There are some absences that typically occur in this sort of work: anger and aguish for the victims of ‘western’ repression, torture and violence yet comparative near-silence over those imprisoned, tortured and murdered – including by public beheading on the web – by people as lying, racist, bigoted and fundamentalist as anyone in the West. This curious moral asymmetry is matched by an asymmetrical account of politics in the West that portrays life pre-9/11 in a fashion verging on the misty-eyed in its assumptions about past respect for secular reason, rights and constitutional order predicated on the rule of law. There is a curious conservatism about the longing for a past that Bush, Blair and company are assumed to have destroyed but which, in reality, never really existed. Campaigns like that by the UK government against the IRA may not have had the body-count of the Iraq or Afghanistan campaigns, but for illiberal politics they could also boast detention without trial, suspension of basic civil liberties, torture, extrajudicial killing, complicity with paramilitary organisations and a management of a climate of fear in justification of constitutional vandalism that this work tends to see as unique to the war on terror.

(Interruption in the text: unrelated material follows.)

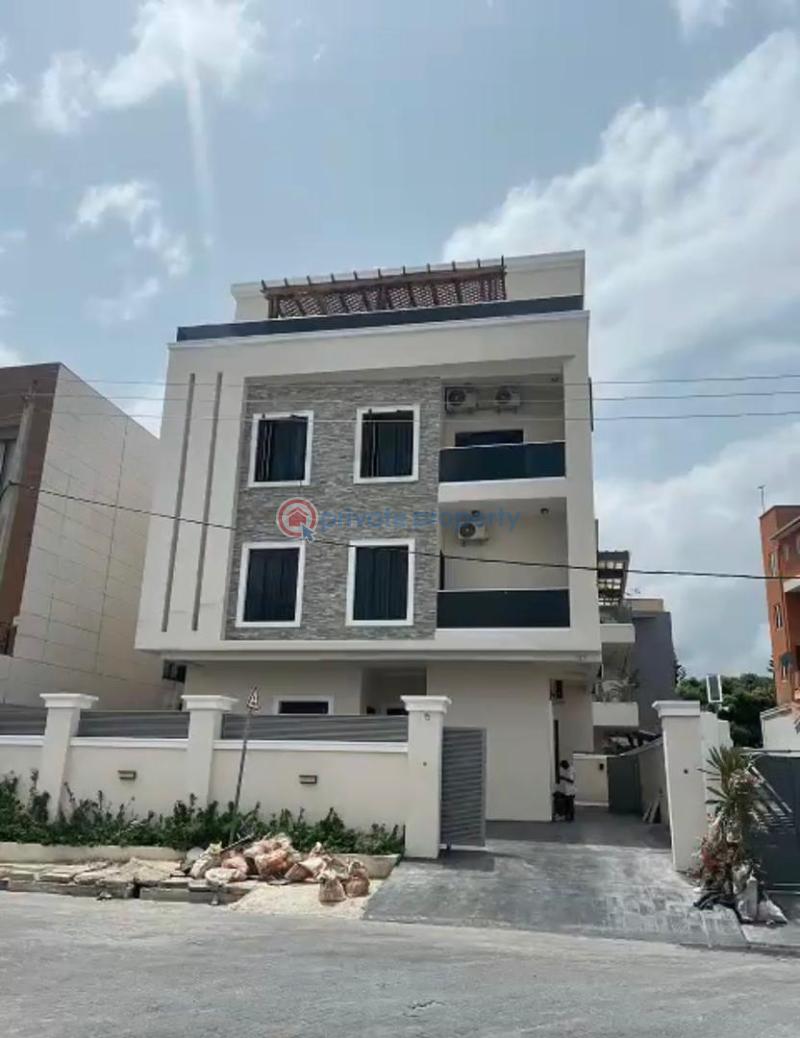 6 bedroom Detached Duplex For Sale Lekki Phase 1 Lagos - 1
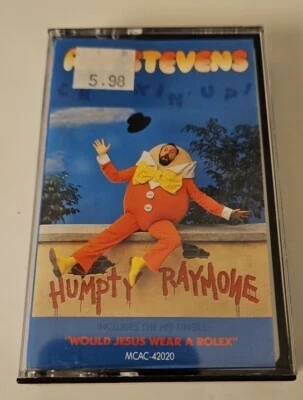 RAY STEVENS - CRACKIN' UP ! CASSETTE TAPE LIKE NEW OOP - Image 1 of 4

Politics Most Unusual is, therefore, a significant contribution to the substantial literature taking a broadly ‘critical’ perspective on the nature of post-9/11 politics. Its key strength is the engagement with a psychoanalytic approach to understanding the nature and significance of neglected aspects of religion and prejudice in contemporary political life and the ways in which ‘spin’, dissimulation and straightforward lying have ceased to be the mortal sins of politics that they once were. The authors deserve credit for this significant contribution to debate in this field.